A massive protest has broken out in India's capital Delhi as anger at a citizenship law spreads across the country.
Local reports say several protesters and officers have been injured as stone-throwing crowds facing off against police officers in the city's Seelampur area and police retaliated with tear gas and batons.
The protest comes days after clashes between police and protesters in Delhi left at least 50 injured.
The new law offers citizenship to non-Muslims from three nearby countries.
Seelampur, in the east of the city, has a large Muslim population. Protesters are claiming that the act will marginalise them.
There are reports of a police station being set on fire and police have said that buses have been vandalised.
Meanwhile, the Supreme Court on Tuesday refused to hear a petition against the police action inside Delhi's Jamia Millia Islamia University, where they allegedly attacked students inside campus premises, including the library and toilets.

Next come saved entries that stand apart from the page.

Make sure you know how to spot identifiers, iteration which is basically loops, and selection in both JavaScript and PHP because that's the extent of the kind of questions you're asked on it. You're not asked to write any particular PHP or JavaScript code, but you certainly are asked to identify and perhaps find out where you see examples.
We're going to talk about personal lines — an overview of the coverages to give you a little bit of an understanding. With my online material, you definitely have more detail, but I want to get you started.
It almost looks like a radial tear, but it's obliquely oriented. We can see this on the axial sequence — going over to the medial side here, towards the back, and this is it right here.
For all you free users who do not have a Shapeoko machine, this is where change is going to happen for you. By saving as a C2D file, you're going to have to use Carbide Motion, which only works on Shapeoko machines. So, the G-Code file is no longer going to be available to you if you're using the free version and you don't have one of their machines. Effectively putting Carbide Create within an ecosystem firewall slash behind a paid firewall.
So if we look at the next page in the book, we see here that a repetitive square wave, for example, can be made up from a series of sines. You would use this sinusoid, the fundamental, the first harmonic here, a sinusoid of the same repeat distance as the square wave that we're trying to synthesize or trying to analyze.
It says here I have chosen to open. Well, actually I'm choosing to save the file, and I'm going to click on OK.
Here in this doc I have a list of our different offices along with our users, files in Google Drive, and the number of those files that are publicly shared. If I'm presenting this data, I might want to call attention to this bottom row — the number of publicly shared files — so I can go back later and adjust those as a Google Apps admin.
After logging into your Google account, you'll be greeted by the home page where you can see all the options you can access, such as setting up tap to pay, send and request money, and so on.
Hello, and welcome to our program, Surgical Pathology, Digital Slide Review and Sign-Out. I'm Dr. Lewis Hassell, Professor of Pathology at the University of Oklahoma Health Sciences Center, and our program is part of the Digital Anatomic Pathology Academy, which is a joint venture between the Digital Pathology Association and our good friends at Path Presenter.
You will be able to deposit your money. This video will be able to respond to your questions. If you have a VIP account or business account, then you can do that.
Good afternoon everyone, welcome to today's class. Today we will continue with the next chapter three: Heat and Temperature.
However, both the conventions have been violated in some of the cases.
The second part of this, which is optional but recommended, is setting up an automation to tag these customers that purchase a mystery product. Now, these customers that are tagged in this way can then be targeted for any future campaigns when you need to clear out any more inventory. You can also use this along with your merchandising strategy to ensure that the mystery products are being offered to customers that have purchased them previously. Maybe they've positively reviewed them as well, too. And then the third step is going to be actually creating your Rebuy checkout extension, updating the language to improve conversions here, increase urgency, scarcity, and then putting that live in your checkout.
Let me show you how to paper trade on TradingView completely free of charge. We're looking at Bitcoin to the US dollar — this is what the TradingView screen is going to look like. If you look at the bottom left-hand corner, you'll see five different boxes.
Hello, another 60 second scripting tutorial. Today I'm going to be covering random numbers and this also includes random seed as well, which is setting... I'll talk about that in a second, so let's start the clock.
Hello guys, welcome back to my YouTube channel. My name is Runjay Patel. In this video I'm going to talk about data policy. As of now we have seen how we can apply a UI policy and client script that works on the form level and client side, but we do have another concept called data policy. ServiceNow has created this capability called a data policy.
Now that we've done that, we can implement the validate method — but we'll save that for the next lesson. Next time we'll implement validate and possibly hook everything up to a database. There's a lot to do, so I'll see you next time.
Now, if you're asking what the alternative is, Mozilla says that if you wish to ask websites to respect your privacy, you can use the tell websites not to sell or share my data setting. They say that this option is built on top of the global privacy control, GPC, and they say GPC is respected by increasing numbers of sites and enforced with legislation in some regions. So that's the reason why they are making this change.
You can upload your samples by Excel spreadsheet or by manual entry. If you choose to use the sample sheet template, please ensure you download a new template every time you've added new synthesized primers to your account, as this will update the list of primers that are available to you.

Chief Justice Sharad Bobde said the top court did not have to intervene since it was "a law and order problem". He also told lawyers to file petitions in trial courts.
More protests have broken out, including at Jamia Millia Islamia.
A student there told the BBC that hundreds of students had joined demonstrations for the third day in a row.
Prime Minister Narendra Modi said the new law was "for those who have faced years of persecution outside and have no place to go except India".
But some say the Citizenship Amendment Act (CAA) is discriminatory and part of a "Hindu nationalist" agenda to marginalise India's 200-million Muslim minority.
Others - particularly in border states - fear being "overrun" by new arrivals from Afghanistan, Bangladesh and Pakistan.
What is the law about?
The Citizenship Amendment Act (CAA) offers amnesty to non-Muslim illegal immigrants from three neighbouring Muslim-majority countries.
It amends India's 64-year-old citizenship law, which currently prohibits illegal migrants from becoming Indian citizens.
It also expedites the path to Indian citizenship for members of six religious minority communities - Hindu, Sikh, Buddhist, Jain, Parsi and Christian - if they can prove that they are from Pakistan, Afghanistan or Bangladesh. They will now only have to live or work in India for six years - instead of 11 years - before becoming eligible to apply for citizenship.
It also says people holding Overseas Citizen of India (OCI) cards - an immigration status permitting a foreign citizen of Indian origin to live and work in India indefinitely - can lose their status if they violate local laws for major and minor offences and violations.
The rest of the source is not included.